While the farmgate price appears to be respected, major
buyers have begun paying significantly more at the ports.
"Some big exporters are buying at 810 francs, while the
grinders are paying from 820 to 840. They're afraid they won't
have enough beans to keep running their factories," said the
purchase manager for a European export firm based in Abidjan.
"They face big losses if their facilities aren't running."
ICE March cocoa eased $3 or 0.1 percent to $2,454 per
tonne early on Thursday after rising to a one-week high of
$2,469 on Wednesday following the unexpected dissolution of
Ivory Coast's government by President Alassane Ouattara.

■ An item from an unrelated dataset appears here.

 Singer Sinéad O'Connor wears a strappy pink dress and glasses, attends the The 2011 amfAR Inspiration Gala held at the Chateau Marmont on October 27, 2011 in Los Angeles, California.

Benchmark Liffe March cocoa futures rose 2 pounds or
0.1 percent at 1,594 pounds per tonne.
Cargill, Barry Callebaut, CEMOI and ADM all have local
processing units in Ivory Coast, which is both the world's top
cocoa producer and the leading grinder, producing mainly cocoa
butter and powder.
"It's a fear we'll not be able to meet our end-of-year
targets that's pushing us to buy at a higher price in order to
collect a maximum of beans," said the purchase manager for an
"We have to fill our contracts at all costs," he said,
asking not to be named
Ivory Coast this season abolished a 20-year-old subsidy to
local grinders under which they benefited from a reduced export
tax. Rival exporters said the tax break gave the grinders an
unfair advantage when purchasing beans.
"There are multinationals here paying up to 840 francs per
kilo here. I don't even know where they're getting all this
money," said one manager of an export firm based in the
south-western port of San Pedro that does not process its beans
Ivory Coast produced 1.47 million tonnes of cocoa in the
2011/12 season, down only slightly from a record 2010/11 harvest
of over 1.5 million tonnes.
Yet despite early fears that hitches in the application of
the reform measures could affect supply flows, Ivory Coast has
seen a relatively smooth start to the season.

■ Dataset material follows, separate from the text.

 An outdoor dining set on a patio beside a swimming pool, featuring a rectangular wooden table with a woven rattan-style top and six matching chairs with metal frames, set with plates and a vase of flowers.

Port arrivals have averaged around 50,000 tonnes per week
for the past two weeks, and total volumes delivered to port are
on a par with last season.
However, a farmers strike led to a disruption in supplies
and kept arrivals to ports low in the first month and a half of
the 2011/12 season.
Deliveries to ports ballooned from mid-November last year
with the end of the strike. And many exporters expect production
this season to ultimately fall below last season's levels due to
a prolonged dry spell early this year.
Broker Marex Spectron on Thursday forecast a global cocoa
deficit of 107,000 tonnes in 2012/13 due to a modest rebound in
global cocoa bean grindings coupled with a disappointing main
crop harvest in West Africa.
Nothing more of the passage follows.